The soup was another issue. I have come across what seems to be a reasonable donkotsu recipe. The only problem was I bought only 2 ham hocks -no long bones were available at the local butchers. I boiled these with some ginger, garlic, leek, and onions, for 8 hours yesterday and got a pot of nearly pure protein. The flavor was okay, but not quite the full donkotsu taste. I experimented with flavoring with salt, soy, miso, miso+bonito, and found the last to give the best flavor.

Char Siu

The pork from the hocks was pulled and set aside, flavored with salt and pepper -it’s delicious and I’ll be eating this separately with rice. I added some to the final ramen dish. One of the recipes calls for purchasing char siu from a Chinese restaurant. Char siu is commonly seen as the reddish pork barbecue hanging from hooks in Chinese restaurants in NYC, but you just can’t get it around here.

I called my friend who recommended using some off the shelf sauce and making it at home. I purchased a pork rib roast (with tenderloin on) for the purpose of cutting off the tenderloin for use with the ramen and eating the ribs for dinner. The char siu sauce (Hawaiian brand) was easily found at our local Asian grocery, and cooking was very easy in our convection oven. Our secondary convection oven is essentially an upright rotisserie, and roasts come out perfectly.
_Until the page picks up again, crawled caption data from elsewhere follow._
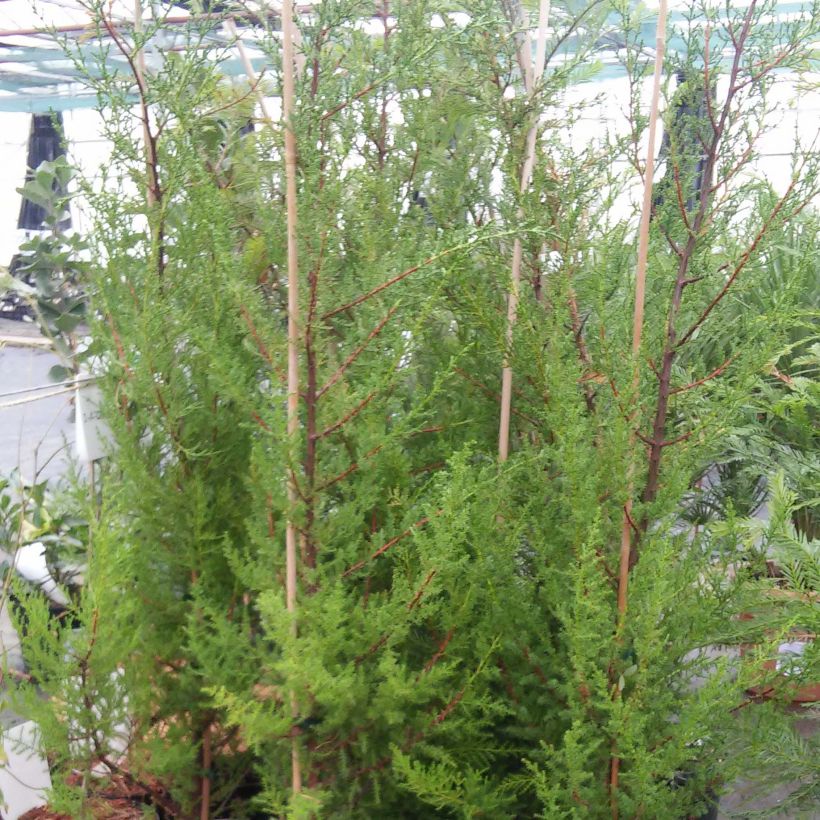 Cupressus macrocarpa (Hábito)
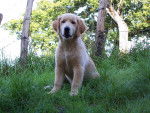 golden retreiver balzac -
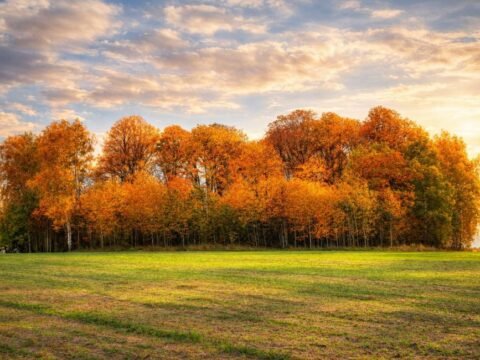 Puokės alkakalnis – senovės tikėjimų pėdsakai Puokėje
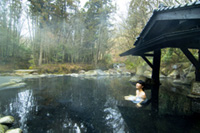 黒川温泉の写真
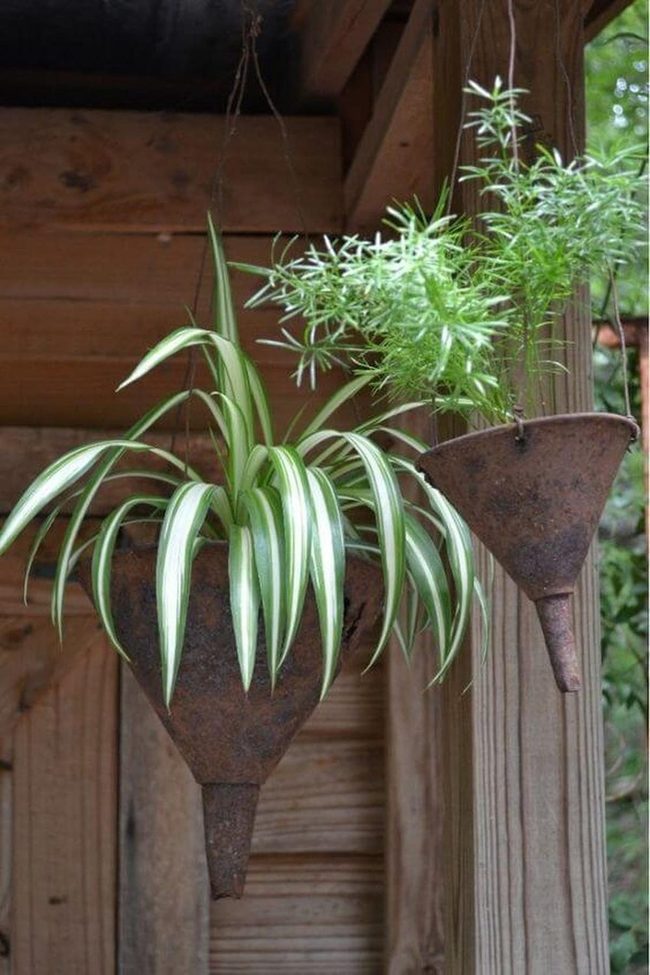Cascading Plants In Vintage Funnels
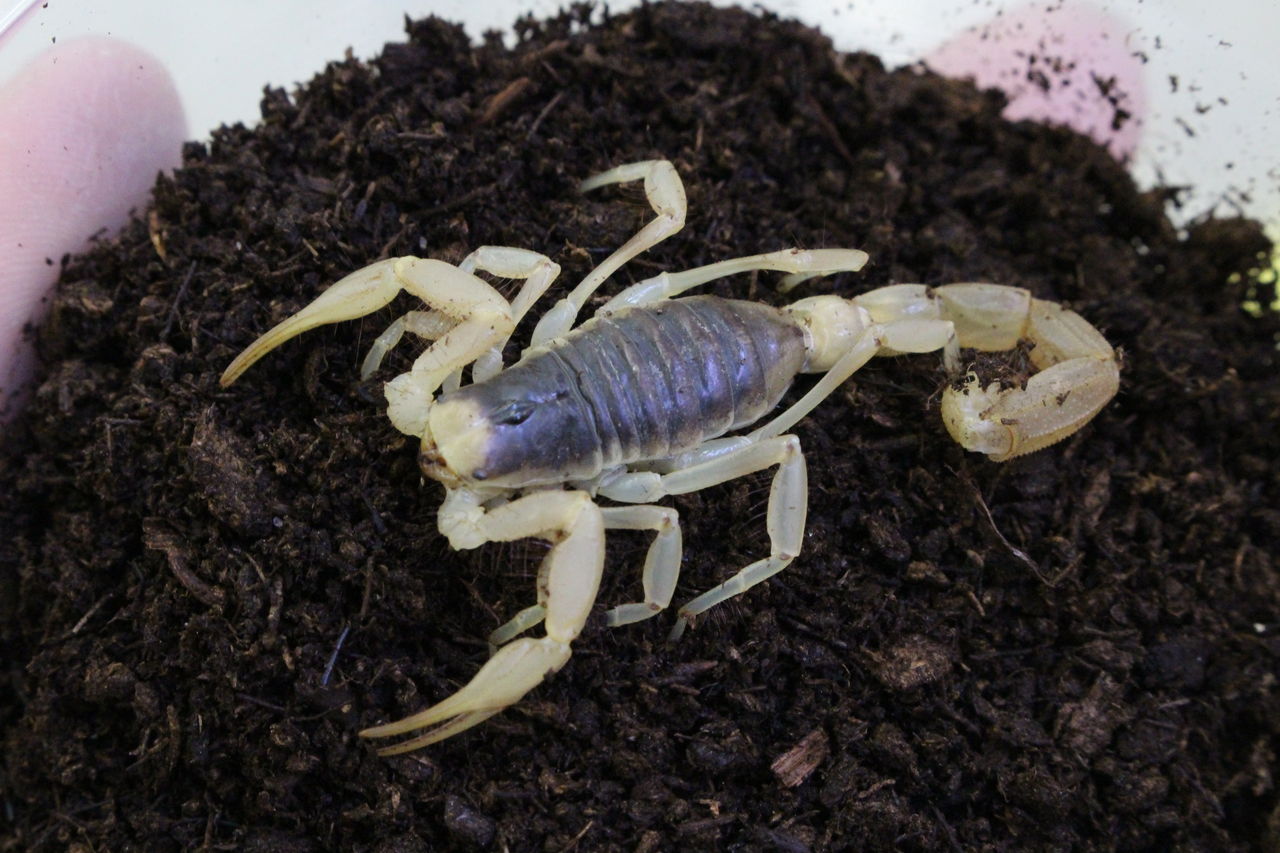 新入荷 奇蟲 爬虫類倶楽部 j ジョイフル本田 ひたちなか店 新入荷 奇蟲 爬虫類倶楽部 j ジョイフル本田 ひたちなか店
The tenderloin provided a nice cut, but was not the same as the flavored Japanese-style roast pork.
The soup, now flavored as a miso soup, provided a mellow base for the ramen noodles which came out nice and springy, but definitely bland without the extra egg -it’s a lesson I’ll take to the next batch. The soup was garnished with char siu tenderloin slices, blanched spinach and flavored eggs. The marinaded eggs are soft boiled eggs left to sit in a marinade of Memmi sauce (a light sweet soy sauce that is used for creating a soup base), dash of sake, and chili peppers (my touch). These eggs were kept in a plastic bag overnight and cut in half with a string -creates a more elegant cut than a knife.
It was okay but not great. The soup has to be saltier and stronger prior to adding the noodles which dilutes the soup with some water. I am going to back off the donkotsu for a while and just get regular Yakibuta style ramen soup right. As a second effort, it is clearly an incremental improvement, and I learned how to make char siu. The ramen is not just noodles in a salty soup, but rather a kind of perfect kingdom of noodles, soup, and fixings. You want to get balance -the texture of chewing noodles and the intense flavor of the soup, the surprising pleasures of the fixings.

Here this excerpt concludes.